Mes petites amoureuses – Jean Eustache – 1974

38. Mes petites amoureuses - Jean Eustache - 1974L’adolescence nue.

   10.0   Beaucoup d’émotion lors de mes retrouvailles avec Mes petites amoureuses, de Jean Eustache – Découvert lors de sa ressortie (?) en salle il y a pile dix ans. Retrouvailles d’un acabit similaire à celles vécues il y a quelques mois devant L’argent de poche, de François Truffaut : Deux films qui partagent peu, de prime abord, sinon leur fascination pour la beauté cruelle de l’enfance, mais aussi pour les lieux de France. Pessac puis Narbonne, ici, sont captée avec une passion sans égal, une proximité singulière que seul un originaire ou habitant passager (Et Eustache vécu son enfance entre ces deux villes) peut traduire de cette manière.
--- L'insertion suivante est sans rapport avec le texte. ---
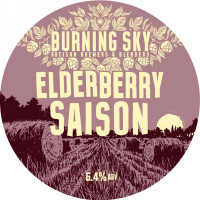 Burning Sky Brewery Elderberry Saison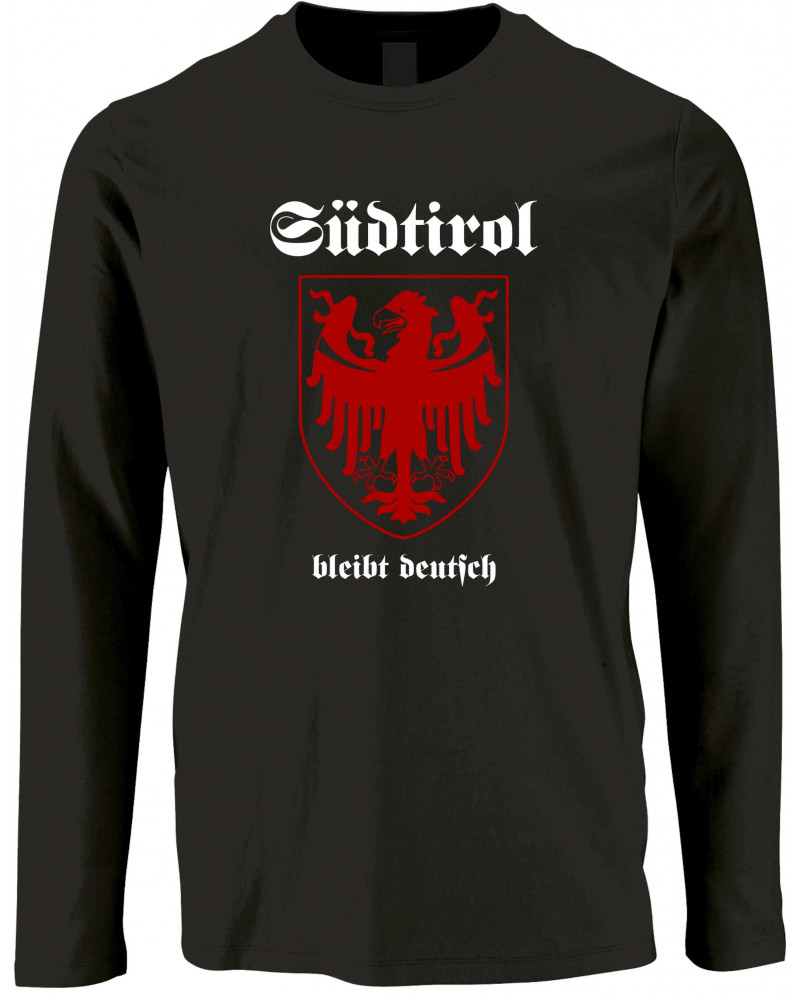 Herren Langarm Shirt (Südtirol bleibt deutsch)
Difficile de l’expliquer, ça se ressent pleinement, c’est tout.

     C’est probablement ce qui me touche en priorité ici, plus encore que les visages de ces adolescents, leurs gestes et déplacements – Eustache y porte une attention étonnante. Jamais je n’ai vu des lieux filmés de cette façon. Ou bien c’est plus récemment, chez Guiraudie et c’est donc un autre temps. A ce titre, il ne faut pas oublier de saluer la photo du plus grand chef opérateur du monde, Nelson Almendros, qui fait des merveilles ici – C’est d’une beauté hallucinante de chaque plan, vraiment – peut-être plus encore que dans La collectionneuse, Les deux anglaises et le continent, La vallée ou Le genou de Claire, c’est dire.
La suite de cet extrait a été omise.